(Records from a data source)

Start of Block

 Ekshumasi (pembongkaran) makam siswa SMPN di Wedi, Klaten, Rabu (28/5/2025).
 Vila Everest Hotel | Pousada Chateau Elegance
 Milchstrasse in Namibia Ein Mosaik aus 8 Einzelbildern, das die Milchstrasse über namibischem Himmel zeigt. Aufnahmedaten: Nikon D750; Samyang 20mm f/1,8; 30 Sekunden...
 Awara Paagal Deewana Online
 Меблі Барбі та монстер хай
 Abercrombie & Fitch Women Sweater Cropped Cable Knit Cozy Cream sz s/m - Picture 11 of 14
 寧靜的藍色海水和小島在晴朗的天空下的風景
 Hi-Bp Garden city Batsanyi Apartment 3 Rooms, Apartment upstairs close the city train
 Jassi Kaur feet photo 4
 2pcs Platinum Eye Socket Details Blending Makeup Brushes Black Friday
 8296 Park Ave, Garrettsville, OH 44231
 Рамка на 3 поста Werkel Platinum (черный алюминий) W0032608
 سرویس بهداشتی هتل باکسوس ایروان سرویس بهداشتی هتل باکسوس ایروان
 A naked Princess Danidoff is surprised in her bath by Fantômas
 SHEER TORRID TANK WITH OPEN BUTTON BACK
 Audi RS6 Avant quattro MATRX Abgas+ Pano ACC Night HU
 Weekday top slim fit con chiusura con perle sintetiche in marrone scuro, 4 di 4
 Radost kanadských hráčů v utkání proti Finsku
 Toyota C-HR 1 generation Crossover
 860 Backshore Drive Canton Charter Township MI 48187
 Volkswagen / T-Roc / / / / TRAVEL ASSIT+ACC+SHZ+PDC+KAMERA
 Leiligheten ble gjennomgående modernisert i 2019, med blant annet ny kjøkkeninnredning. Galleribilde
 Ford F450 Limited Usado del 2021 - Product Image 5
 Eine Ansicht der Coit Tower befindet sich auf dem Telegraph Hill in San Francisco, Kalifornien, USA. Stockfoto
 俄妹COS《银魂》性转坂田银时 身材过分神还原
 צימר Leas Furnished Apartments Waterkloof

End of Block

→ TASK PROMPT:
Some lines above may contain the string "Platinum". State how many of them the records have, and nothing more.

→ OUTPUT OF THE EXERCISE:
2